TASK TO CARRY OUT
Each record has to be returned exactly as it appears.
╭──
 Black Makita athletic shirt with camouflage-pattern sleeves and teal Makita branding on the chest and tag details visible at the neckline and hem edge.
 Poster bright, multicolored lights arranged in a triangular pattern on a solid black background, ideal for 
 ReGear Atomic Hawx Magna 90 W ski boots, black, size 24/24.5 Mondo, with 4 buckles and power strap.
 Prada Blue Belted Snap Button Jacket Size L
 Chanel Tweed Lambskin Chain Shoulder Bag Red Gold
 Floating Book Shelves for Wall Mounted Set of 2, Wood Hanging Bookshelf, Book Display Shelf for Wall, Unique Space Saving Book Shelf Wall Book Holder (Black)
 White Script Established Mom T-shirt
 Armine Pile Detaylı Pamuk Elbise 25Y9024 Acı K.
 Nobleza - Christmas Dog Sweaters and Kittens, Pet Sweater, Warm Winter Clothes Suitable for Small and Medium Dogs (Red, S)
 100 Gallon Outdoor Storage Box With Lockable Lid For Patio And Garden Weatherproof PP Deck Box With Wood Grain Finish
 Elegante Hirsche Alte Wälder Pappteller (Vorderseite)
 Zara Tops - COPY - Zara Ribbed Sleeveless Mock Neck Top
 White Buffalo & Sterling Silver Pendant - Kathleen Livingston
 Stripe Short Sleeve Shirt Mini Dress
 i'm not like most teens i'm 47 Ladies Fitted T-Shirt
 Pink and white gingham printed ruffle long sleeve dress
╰──
FINISHED TASK
 Black Makita athletic shirt with camouflage-pattern sleeves and teal Makita branding on the chest and tag details visible at the neckline and hem edge.
 Poster bright, multicolored lights arranged in a triangular pattern on a solid black background, ideal for 
 ReGear Atomic Hawx Magna 90 W ski boots, black, size 24/24.5 Mondo, with 4 buckles and power strap.
 Prada Blue Belted Snap Button Jacket Size L
 Chanel Tweed Lambskin Chain Shoulder Bag Red Gold
 Floating Book Shelves for Wall Mounted Set of 2, Wood Hanging Bookshelf, Book Display Shelf for Wall, Unique Space Saving Book Shelf Wall Book Holder (Black)
 White Script Established Mom T-shirt
 Armine Pile Detaylı Pamuk Elbise 25Y9024 Acı K.
 Nobleza - Christmas Dog Sweaters and Kittens, Pet Sweater, Warm Winter Clothes Suitable for Small and Medium Dogs (Red, S)
 100 Gallon Outdoor Storage Box With Lockable Lid For Patio And Garden Weatherproof PP Deck Box With Wood Grain Finish
 Elegante Hirsche Alte Wälder Pappteller (Vorderseite)
 Zara Tops - COPY - Zara Ribbed Sleeveless Mock Neck Top
 White Buffalo & Sterling Silver Pendant - Kathleen Livingston
 Stripe Short Sleeve Shirt Mini Dress
 i'm not like most teens i'm 47 Ladies Fitted T-Shirt
 Pink and white gingham printed ruffle long sleeve dress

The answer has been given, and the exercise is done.